━━━ GIVEN DATA

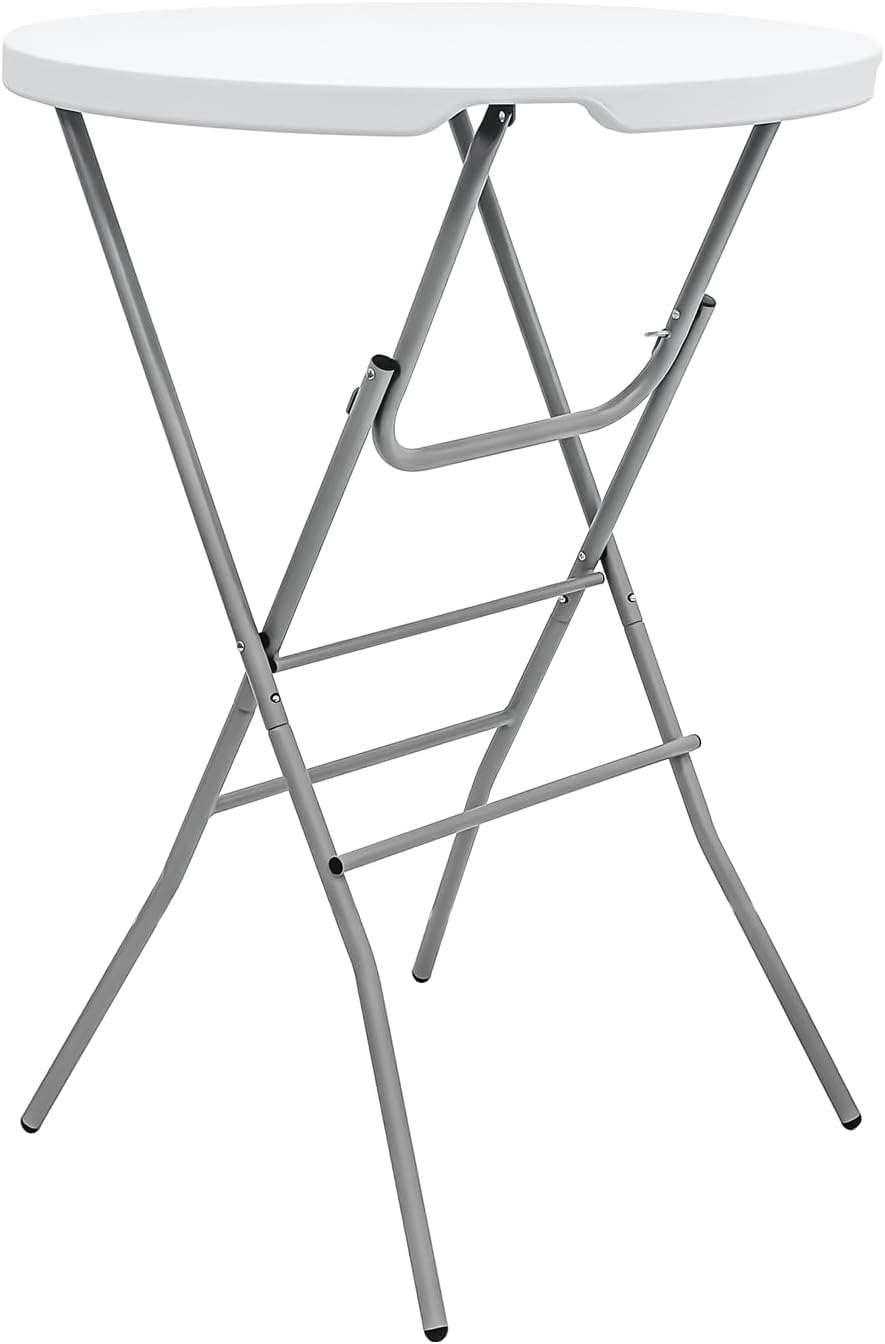 31.5" L X 31.5" W X 43" H - Cocktail Table White High Top Folding Table, Portable Bar Height Folding Table Round with Detachable Gray Legs
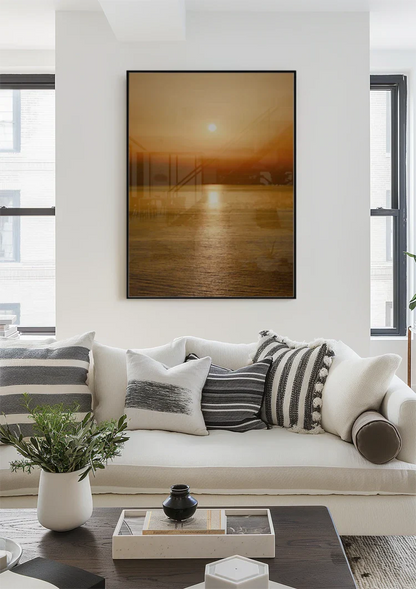 Wunderschöner Sonnenuntergang Goldener Ozean Spiegelung Gemälde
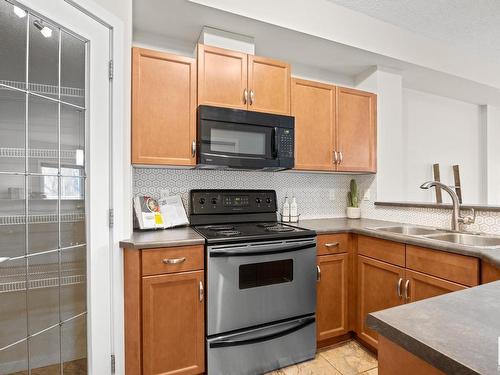 106 9910 111 Street Nw, Edmonton, AB - Indoor Photo Showing Kitchen With Double Sink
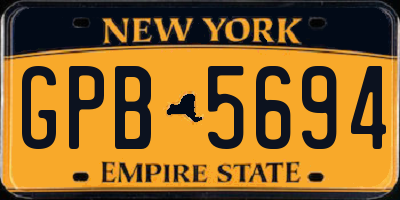NY license plate GPB5694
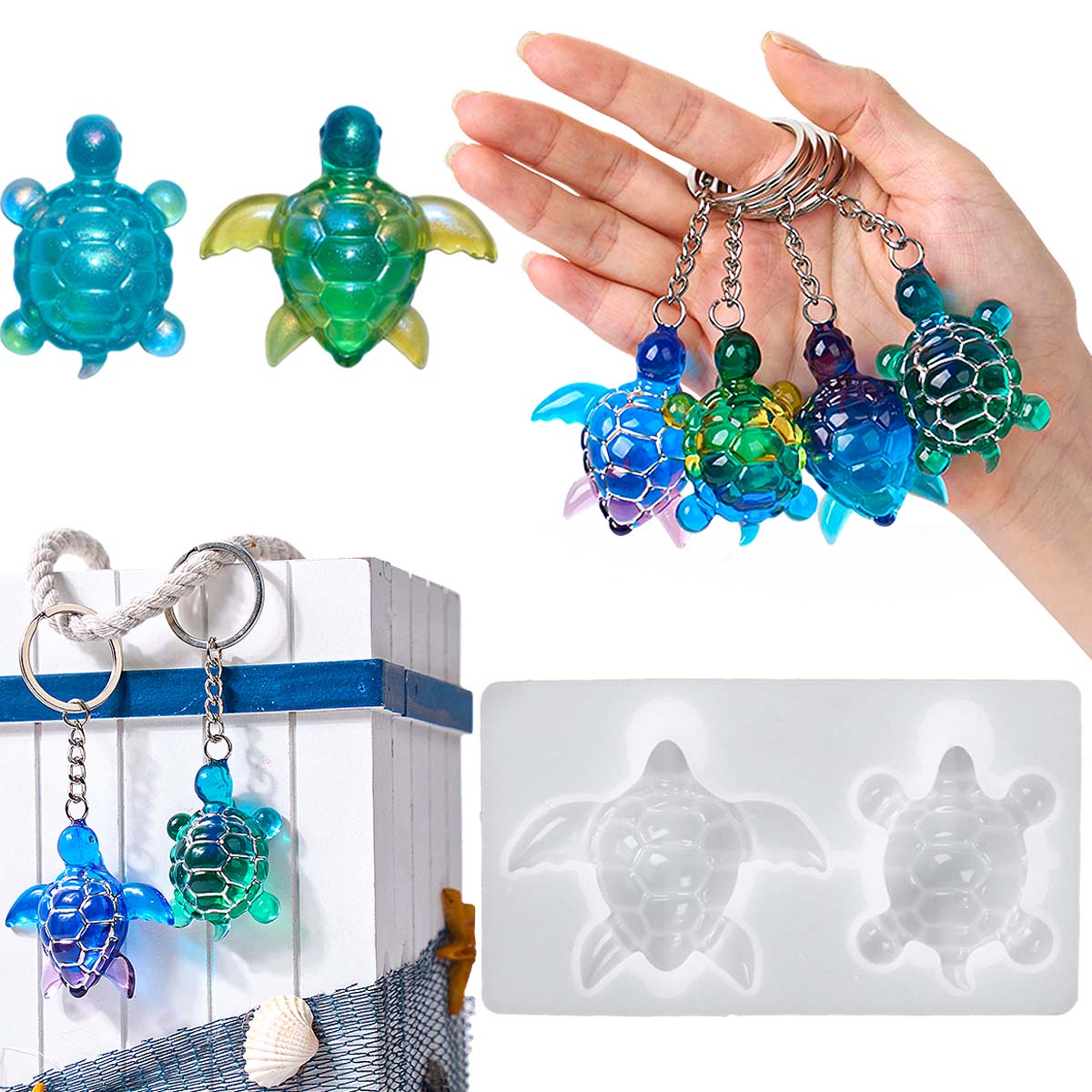 Resin Art Acrylic - Porte-clés tortue de mer 3D, moule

━━━━━━

- PROBLEM STATEMENT -
Leave out the pictures, and give all the records again exactly.

- ANSWER BOX -
 31.5" L X 31.5" W X 43" H - Cocktail Table White High Top Folding Table, Portable Bar Height Folding Table Round with Detachable Gray Legs
 Wunderschöner Sonnenuntergang Goldener Ozean Spiegelung Gemälde
 106 9910 111 Street Nw, Edmonton, AB - Indoor Photo Showing Kitchen With Double Sink
NY license plate GPB5694
 Resin Art Acrylic - Porte-clés tortue de mer 3D, moule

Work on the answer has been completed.